Также в течение суток мы выезжали к двум детям. Один ребенок пострадал в ДТП, мы его перевозили из Шебекина в Белгород. Другой ребёнок был тяжёлым просто по состоянию здоровья своему.
Ещё осуществляли эвакуацию крайне тяжелых военнослужащих для их дальнейшей эвакуации в Москву и Санкт-Петербург — в центральные военные госпитали. Забирали их из больницы, где они находились на искусственной вентиляции лёгких (их жизнь полностью зависела от аппаратов), и на санпоезд их отвозили.
— В городе бесконечно объявляют то ракетную опасность, то опасность БПЛА, когда нельзя выходить из дома. А вы выходите и едете куда-то.
— Выбор никогда не стоит «выходить-не выходить, ехать-не ехать». Но когда объявляется опасность по ракетам и беспилотникам, мы всё время работаем в средствах индивидуальной защиты: бронежилеты и каски.
Когда беспилотная опасность объявлена и продолжается по восемь-десять часов без отбоя, мы все эти восемь-десять часов находимся в бронежилетах и касках. В больнице, на вызове на улице, в машине — везде.
— А когда вам в последний раз было очень страшно?
— Таких моментов, что страх как бы заставляет тебя прятаться и бежать куда-то, наверное, не было. Я очень адреналинозависимый человек. Но страшно чаще всего после смены. На смене не бывает страшно. Страшно, когда приходишь домой и уже осознаешь, где был, что делал. Что тебя ждут близкие, и твоя жизнь была в опасности.
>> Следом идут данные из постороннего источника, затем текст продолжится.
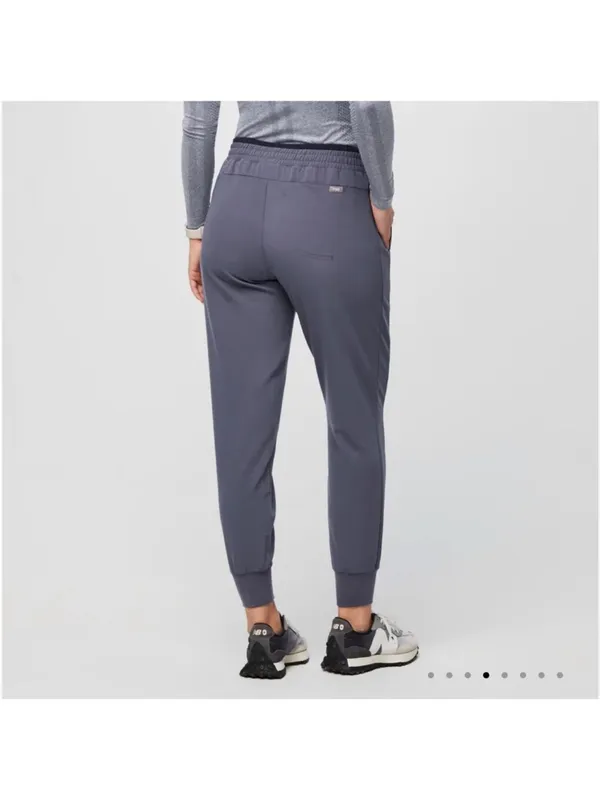 Figs Mari Skinny Jogger Scrub Pants in Space Navy Size Medium - Image 3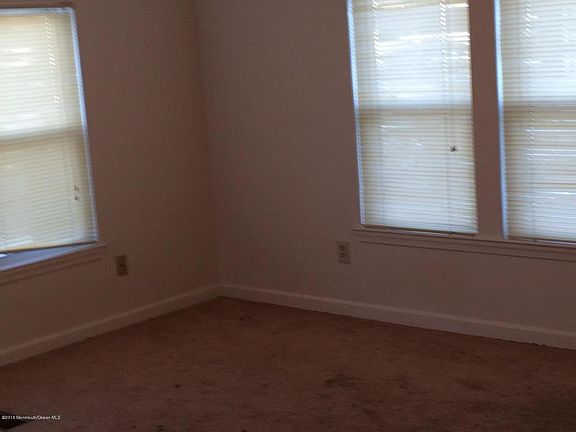 4th image of 215 Holly Ct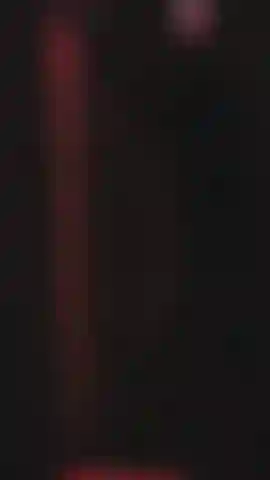 Adoro ballare mentre mi guardi.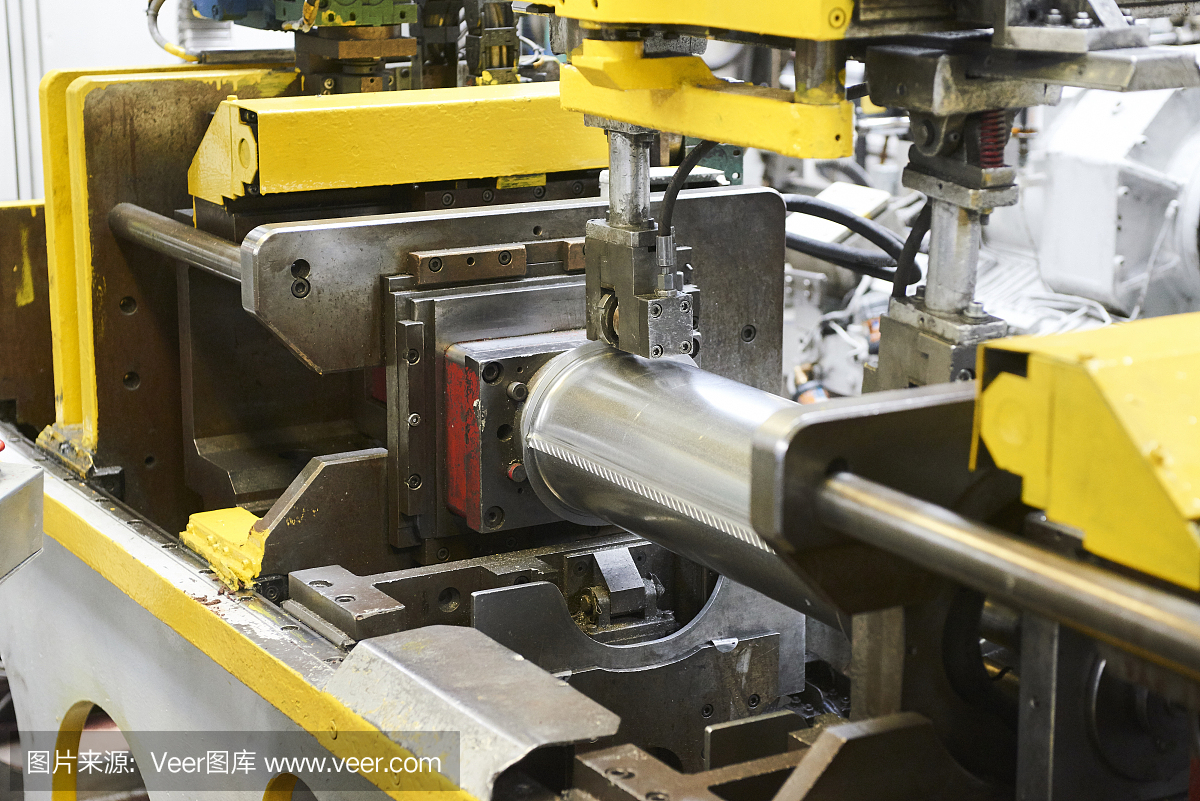 用弯板机弯曲金属板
А из таких случаев, когда прям очень волнительно было — это заход украинских ДРГ на территорию Грайворонского сельского поселения в мае 2023 года. И это Курск: мы ездили «в гости» и помогали. Мы на следующий день после случившегося в Курской области туда поехали. Помогали им организовывать точки эвакуации. Занимались привычной для нас и непривычной для них на тот момент работой.
Были и в Ильковском районе, и в Рыльском, и в Глушковском, и в Большесолдатском. Где-то помогали эвакуировать больницы и пожилых людей вывозили. Где-то точки эвакуации выставляли. Где-то помогали военнослужащим. То есть в течение суток какой-то определенной работы не было, но очень много заданий было. И мы больше организационную роль там играли.
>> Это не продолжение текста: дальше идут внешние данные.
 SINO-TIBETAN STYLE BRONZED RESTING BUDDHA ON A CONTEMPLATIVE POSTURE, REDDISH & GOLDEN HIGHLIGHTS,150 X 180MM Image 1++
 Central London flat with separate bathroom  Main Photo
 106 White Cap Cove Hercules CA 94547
На скорой случайных людей нет
— Вы сказали, что вы адреналинозависимый человек. Я пока не понимаю, что это значит. Допустим, вы едете в какое-то место. Дорога пустая, потому что где-то зашли ДРГ. Что вы чувствуете?
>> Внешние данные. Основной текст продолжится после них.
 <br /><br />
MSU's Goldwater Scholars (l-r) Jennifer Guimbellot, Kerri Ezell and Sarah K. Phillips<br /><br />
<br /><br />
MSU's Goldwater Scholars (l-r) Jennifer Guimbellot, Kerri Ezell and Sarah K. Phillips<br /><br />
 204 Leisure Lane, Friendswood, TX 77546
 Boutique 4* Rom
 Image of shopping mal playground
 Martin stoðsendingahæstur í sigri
— Ощущения страха и тревоги в этот момент нет. Чаще всего. Мы же работаем бригадой. Бригада по три человека — это как семья. И обычно, когда мы едем куда-то, зная, что там прилет и что FPV-дроны в этой зоне летают, у нас у каждого свои роли.
Один следит за чатами по беспилотникам. Те же «БАРСы» и «Орланы» видят, как они летят. Есть водитель, который обычно занимается экстремальным вождением по бездорожью. А третий обычно сидит, слушает рации и дрон-детекторы и говорит, где в случае чего свернуть или отстояться. Я чаще всего — штурман. Мониторю БПЛА-чаты.
Мы обычно проговариваем, что будем делать в случае чего. У кого какая роль будет, кто куда пойдет, кто чем будет заниматься. Но эти роли изначально расставлены как бы внутри бригады. А вообще, чаще всего мы слушаем музыку и смеёмся.
— Чтобы подавить страх и не думать о том, что окружающий мир сейчас таит множество опасностей?
— Это больше как способ расслабиться, чтобы не было этого напряжения. Потому что страх как психологическая реакция чаще всего парализует человека, его мысли, действия. А когда ты находишься как бы в предвкушении того, что сейчас хорошо поработаем, то всё легче проходит: чётко, быстро и уже на полуавтоматизме.
— А почему это предвкушение хорошей работы преобладает над предвкушением встречи с опасностью?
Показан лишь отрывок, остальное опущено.